*** Block opens ***
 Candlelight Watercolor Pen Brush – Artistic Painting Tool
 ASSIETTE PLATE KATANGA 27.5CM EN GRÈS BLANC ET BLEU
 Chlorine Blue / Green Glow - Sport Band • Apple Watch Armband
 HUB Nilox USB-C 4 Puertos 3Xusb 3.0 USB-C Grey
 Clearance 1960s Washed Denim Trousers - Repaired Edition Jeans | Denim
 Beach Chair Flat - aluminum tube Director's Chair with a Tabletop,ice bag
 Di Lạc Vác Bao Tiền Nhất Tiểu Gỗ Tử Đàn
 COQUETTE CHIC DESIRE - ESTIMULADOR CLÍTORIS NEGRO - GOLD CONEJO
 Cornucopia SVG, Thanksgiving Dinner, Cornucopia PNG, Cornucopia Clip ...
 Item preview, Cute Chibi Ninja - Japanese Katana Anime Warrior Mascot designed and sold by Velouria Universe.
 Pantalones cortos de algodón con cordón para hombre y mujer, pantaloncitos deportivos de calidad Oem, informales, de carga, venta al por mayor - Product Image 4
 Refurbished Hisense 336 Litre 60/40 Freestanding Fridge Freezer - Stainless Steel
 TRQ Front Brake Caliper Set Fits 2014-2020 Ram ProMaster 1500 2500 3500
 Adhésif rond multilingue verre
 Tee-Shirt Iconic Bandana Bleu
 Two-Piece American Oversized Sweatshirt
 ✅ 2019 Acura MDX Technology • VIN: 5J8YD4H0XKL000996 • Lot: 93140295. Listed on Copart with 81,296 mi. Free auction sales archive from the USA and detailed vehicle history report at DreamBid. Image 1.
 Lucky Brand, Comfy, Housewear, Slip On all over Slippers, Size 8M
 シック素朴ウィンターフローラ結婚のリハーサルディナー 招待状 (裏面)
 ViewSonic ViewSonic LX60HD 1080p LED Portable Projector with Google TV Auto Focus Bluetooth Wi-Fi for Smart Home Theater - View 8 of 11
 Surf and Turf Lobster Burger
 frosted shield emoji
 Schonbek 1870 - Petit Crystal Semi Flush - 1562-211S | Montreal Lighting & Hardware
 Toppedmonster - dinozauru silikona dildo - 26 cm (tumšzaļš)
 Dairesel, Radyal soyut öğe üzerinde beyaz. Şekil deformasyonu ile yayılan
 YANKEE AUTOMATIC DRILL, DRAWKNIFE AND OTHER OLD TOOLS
*** Block closes ***
ASSIGNMENT: Which lines in the data above contain "with"? Show each one.

ANSWER AREA:
 Beach Chair Flat - aluminum tube Director's Chair with a Tabletop,ice bag
 ✅ 2019 Acura MDX Technology • VIN: 5J8YD4H0XKL000996 • Lot: 93140295. Listed on Copart with 81,296 mi. Free auction sales archive from the USA and detailed vehicle history report at DreamBid. Image 1.
 ViewSonic ViewSonic LX60HD 1080p LED Portable Projector with Google TV Auto Focus Bluetooth Wi-Fi for Smart Home Theater - View 8 of 11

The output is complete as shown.